The long-read WGS approach could be used to uncover pathogenic variants that remain undetected by the currently available short-read NGS approach. More than 15,000 intermediate-size SVs were called in III-2. As is the case with short-read NGS analysis, variant filtering is beneficial for prioritizing pathogenic SVs. In fact, we could effectively narrow down the candidate SVs for BAFME using low-coverage Pacbio data.
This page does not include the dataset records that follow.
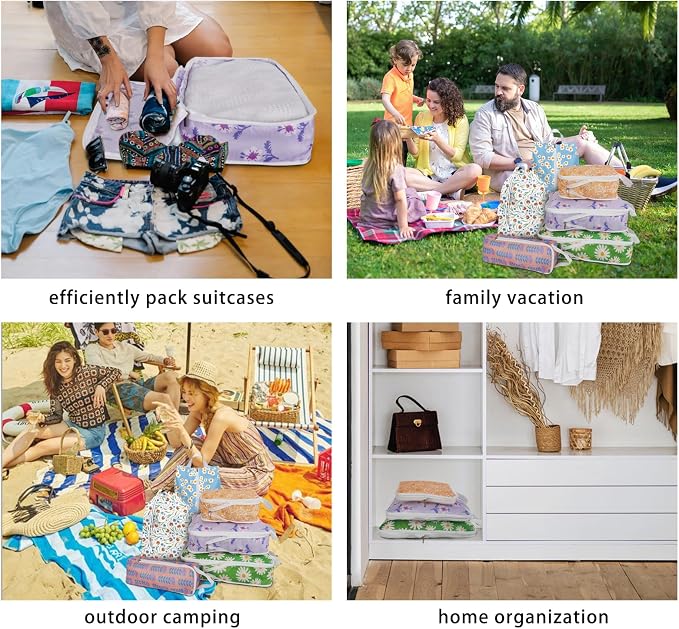 6 Pcs Compression Packing Cubes, Packing Cubes for Travel, Waterproof Luggage Organizer Bags Set, Cute Packaging Cubes for Women Kids Backpack Carry-Ons - Image 7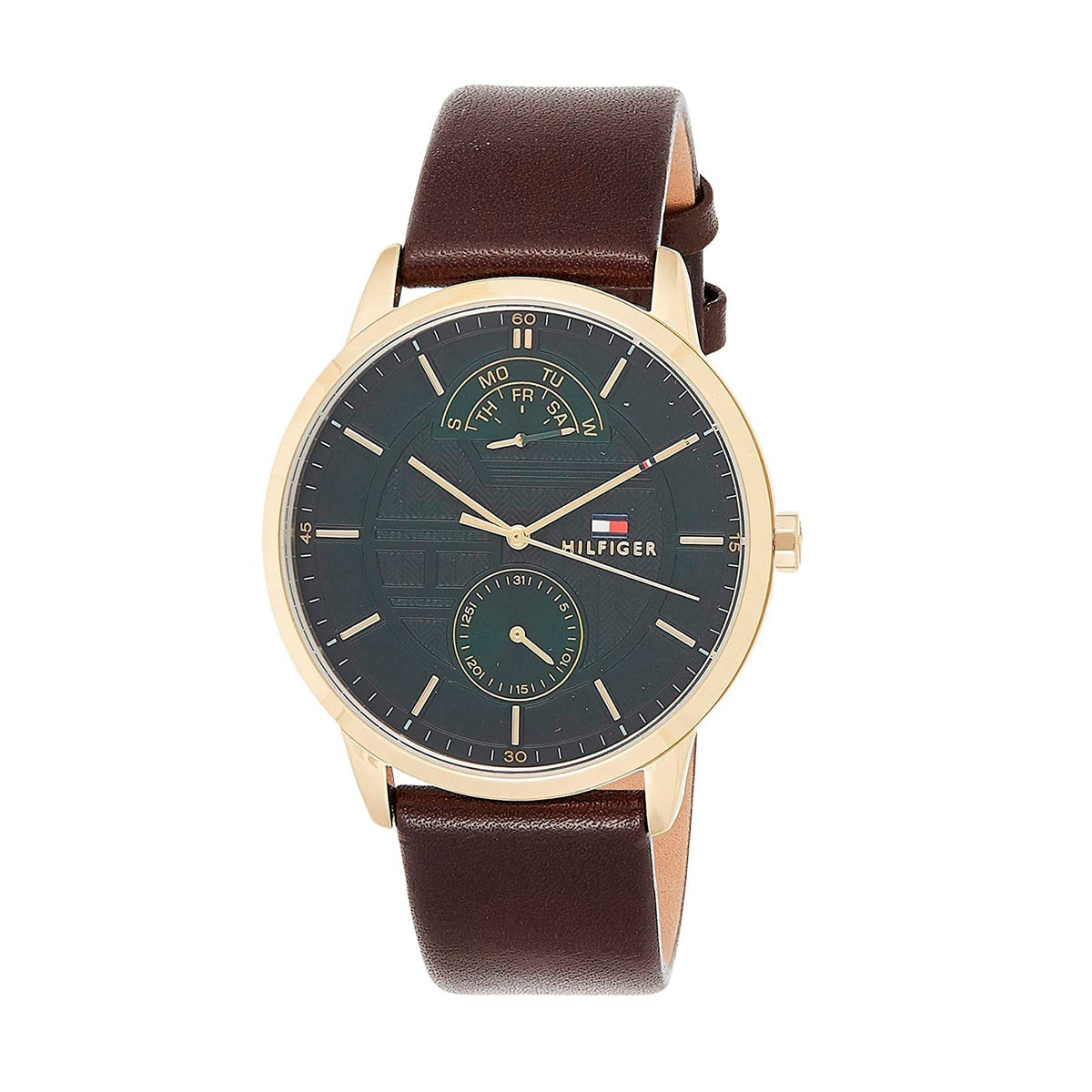  Shop Authentic Tommy Hilfiger Hunter Green Dial Brown Leather Strap Watch for Men - 1791607 - Luxxuri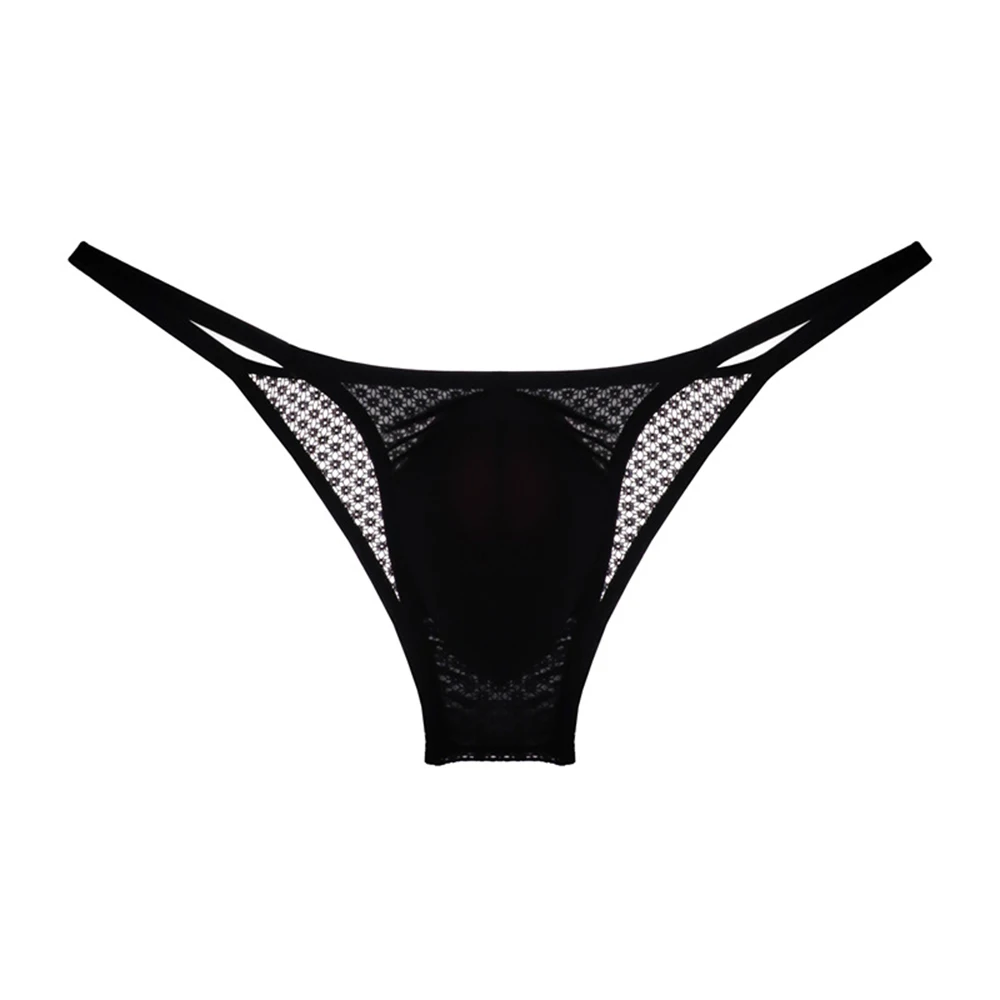 Sexy Men\'s G-String Penis Pouch Gay Underwear Enhance T-Back Briefs Mesh Sheer Low Rise Lingerie See Through Ultra-Thin Panties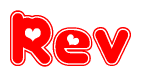 The image is a red and white graphic with the word Rev written in a decorative script. Each letter in  is contained within its own outlined bubble-like shape. Inside each letter, there is a white heart symbol.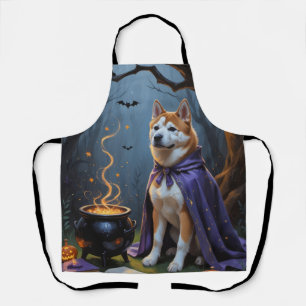 Akita Hond Whimsicale Halloween Schildering Schort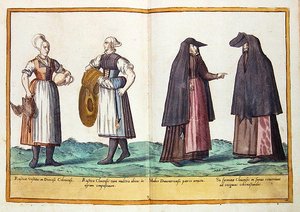 Kostýmy ze šestnáctého století z „Omnium Poene Gentium Imagines“, vydané v Kolíně nad Rýnem od Abraham de Bruyn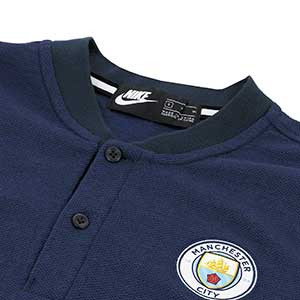 Polo Nike M. City GSP Authentic - Polo Manchester City 2018 2019 - azul marino - detalle cuello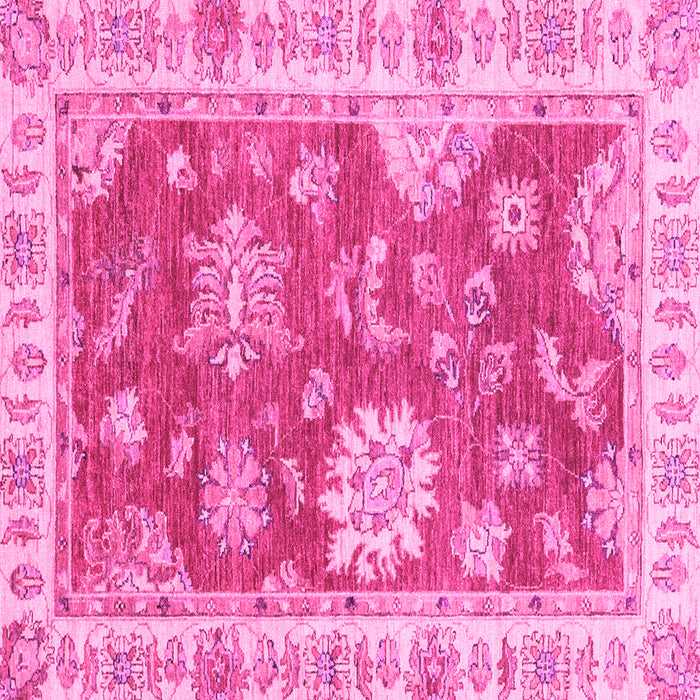 Square Machine Washable Oriental Pink Modern Rug, wshabs3849pnk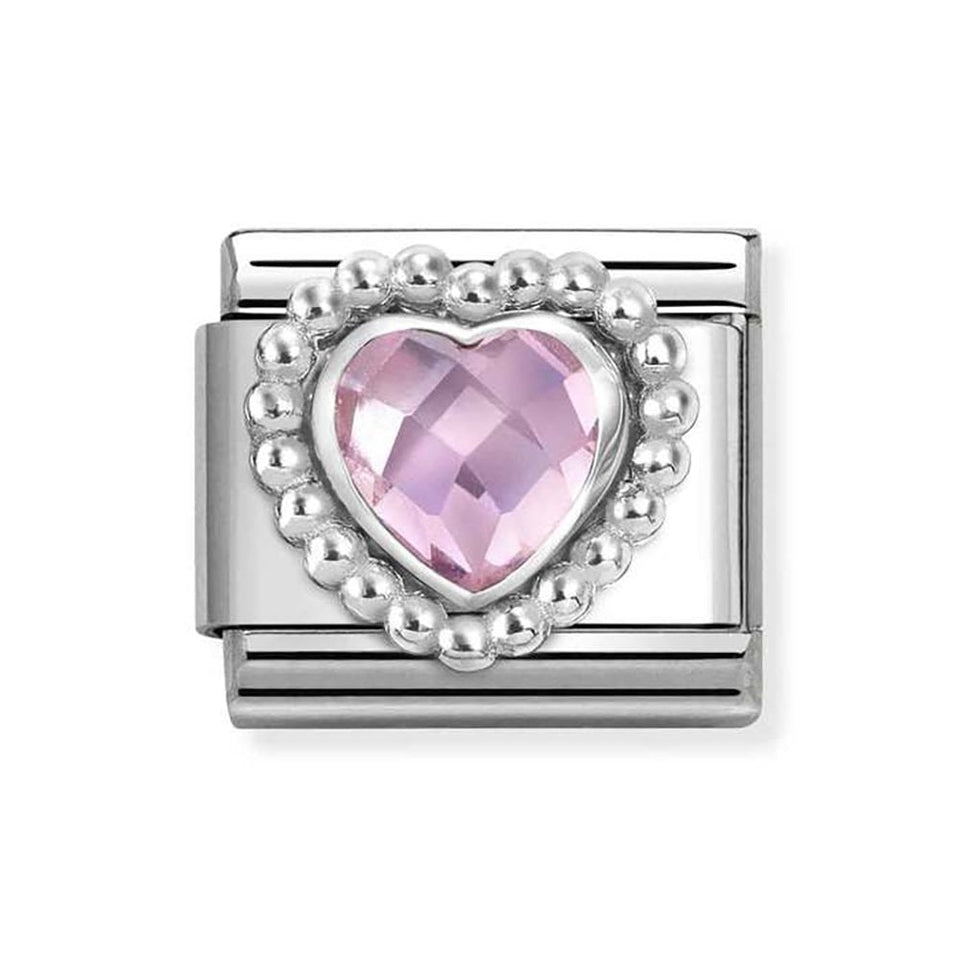 Nomination CLASSIC Silvershine Faceted Pink Heart Charm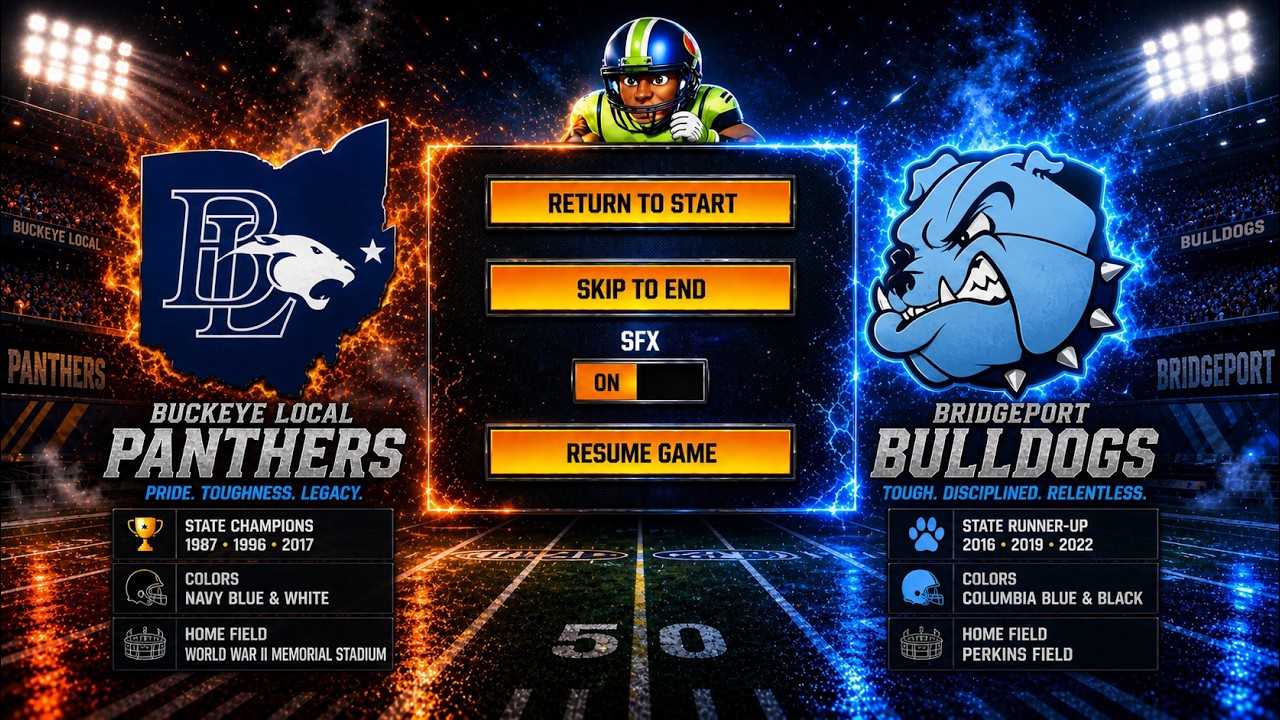 Week 2 Big Win Football Bridgeport Bulldogs at Buckeye Local Panthers 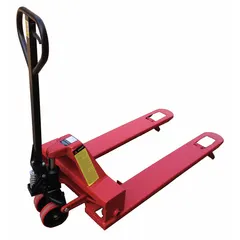 This Dayton pallet jack has a 5000 lb capacity with standard fixed steel forks measuring 48 in length and 27 in overall width. The 13 in width between forks accommodates standard pallets. Its low-profile design is suited for material handling in warehouses and industrial settings.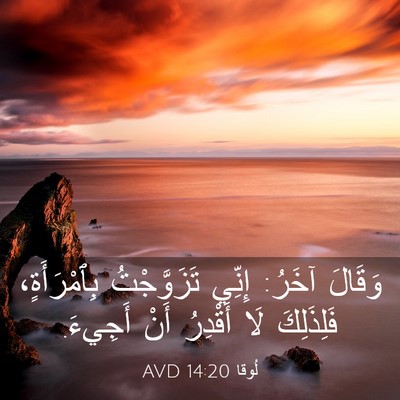 Picture 03 - لُوقا 14:20 AVD - وَقَالَ آخَرُ: إِنِّي - Bible Verse Picture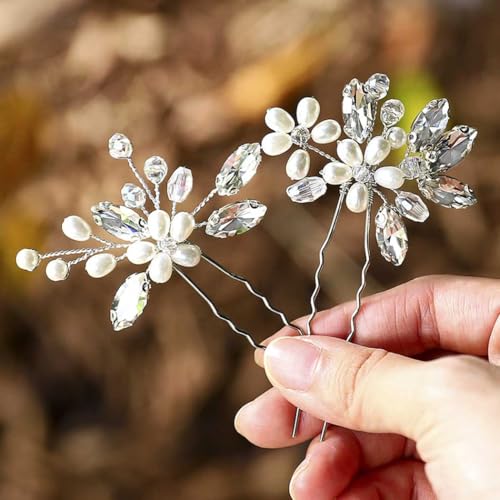 Pearl Wedding Hair Clips - Bridal Updo Pins (2-Piece Set)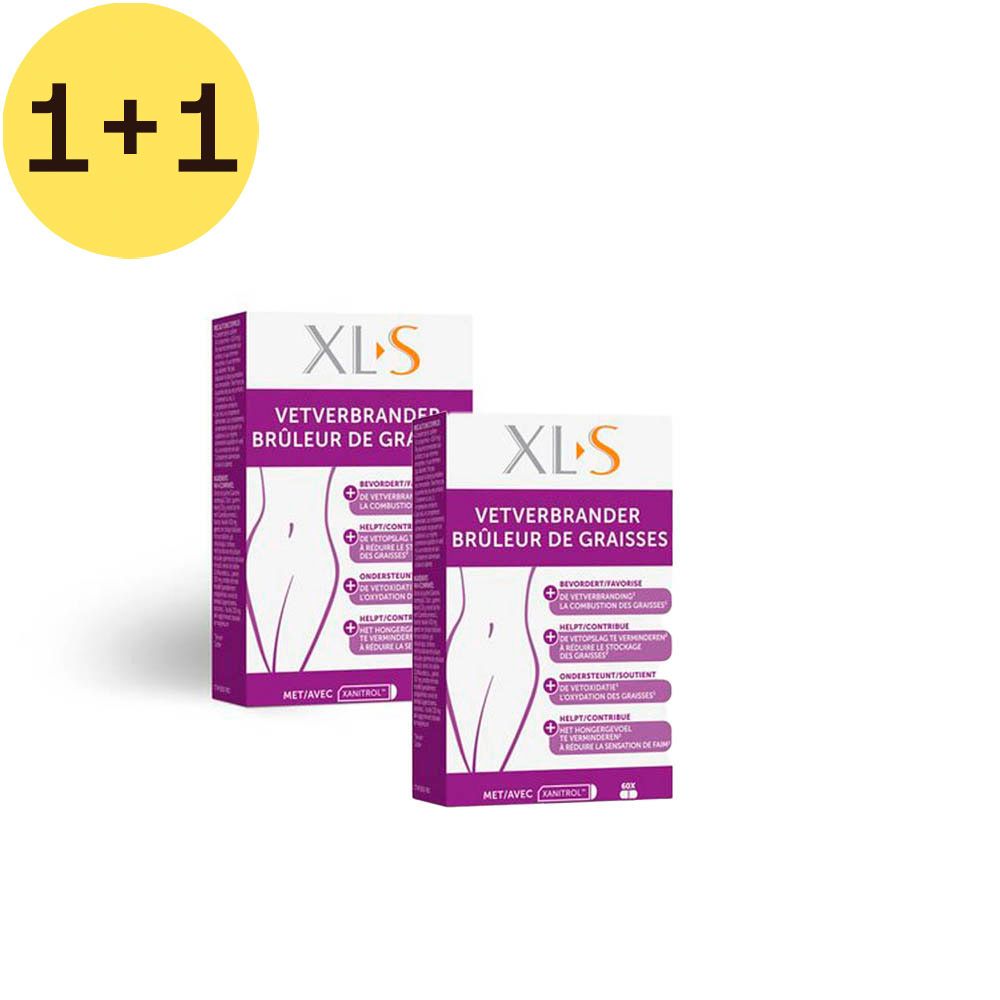 Deux boîtes XLS VETVERBRANDER BRÛLEUR DE GRAISSES. En haut à gauche, cercle jaune avec "1+1".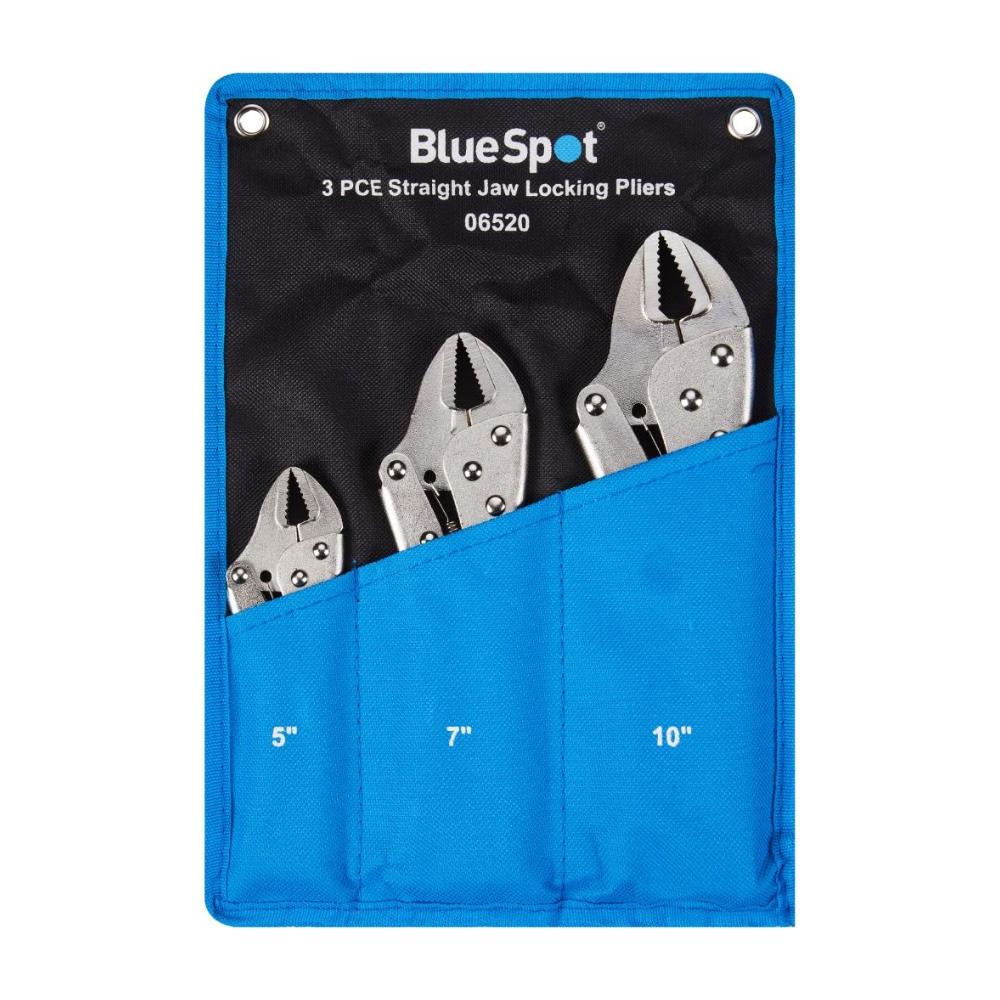 BlueSpot 3pc Locking Mole Grip Vice Plier Set Adjustable Pliers 5" 7" 10" 06520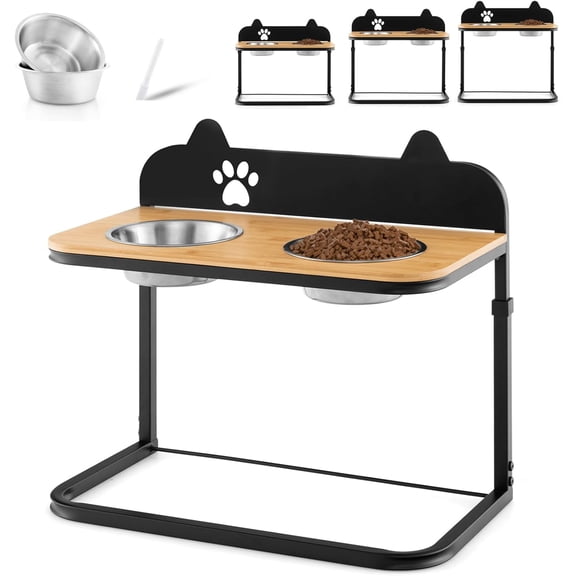 Elevated Dog Bowls Stand - Raised Pets Cats Feeding Station, 3 Adjustable Heights, 2 Stainless Steel Bowls, Metal Frame, Bamboo Tabletop, Tall Dog Food Water Bowls Holder Stand
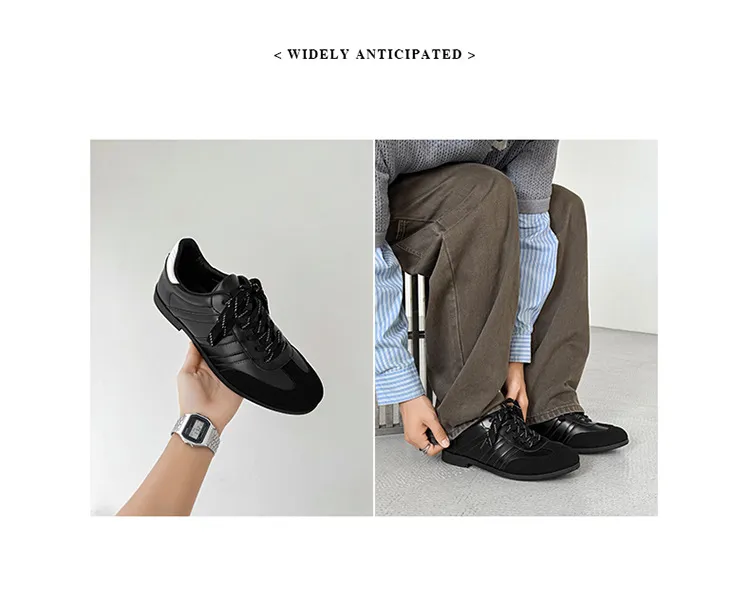 Men's & Women's Versatile Commuting Sneakers: Trendy Casual Round-Toe Leather Shoes, Black High-End British Derby Style Training Shoes for Everyday Wear showcase 17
A total of 15,636 SVs (9138 insertion and 6498 deletion calls) were initially called in III-2. Notably, 73.5% (6718 of 9138 insertion calls) and 83.3% (5412 of 6498 deletion calls) were present in at least one of the three control individuals, indicating the nonpathogenic nature of the majority of these SVs. We further focused on SVs overlapping with RefSeq genes (exons or introns) because known pathogenic repeat expansions were reported not only in the coding region, but also in the 5′ UTR, 3′ UTR, and introns of different genes associated with repeat expansion diseases [29]. After this filtering step, 1058 insertions and 482 deletions remained. Considering previous linkage mapping of BAFME, genes in four linked regions, 8q24 (BAFME1), 2p11.2–q11.2 (BAFME2), 5p15.31–p15.1 (BAFME3), and 3q26.32–q28 (BAFME4), should be prioritized [11, 30]. From this perspective, six (four insertions and two deletion), eight (four deletions and four insertions), and ten (eight insertions and two deletion) SVs remained at 8q24, 5p15.31–p15.1, and 3q26.32–q28, respectively. No SVs survived at 2p11.2–q11.2 (Supplementary Table S5). SAMD12 insertion (4.6 kb) is the only outlier with a size of more than 2 kb. Our results suggest that long-read WGS in combination with linkage mapping can be useful to identify novel pathogenic repeat expansions. Furthermore, pathogenicity might be suspected if certain SVs that are outliers in terms of their size are found in diseases exhibiting anticipation.

Currently, long-read sequencing technologies are expensive and have a high sequencing error rate, so they are not yet ready for clinical use. However, the ability to cover repetitive sequences should provide invaluable input for analyzing pathogenic SVs, even at low coverage. Such long read input will be aided by linkage analysis, multiple sample analysis within or without a pedigree, and comparison with the catalog of polymorphic SVs in human populations, as suggested in this study. The current PBSV version is only able to call two types of SV: insertions and deletions. Other types of SV including inversions, duplications, and even complex rearrangements should thus be the next targets of upcoming software [31,32,33]. We showed how to apply this technique to diseases for which the causative genetic factors remain unresolved and believe that it will enable the discovery of SVs for which the pathogenic effects have not been determined and even novel pathogenic SVs. In a revision process of this manuscript, Zheng et al. have also reported intronic repeat insertion in SAMD12 using long-read WGS, further proving useful of this challenging approach [34].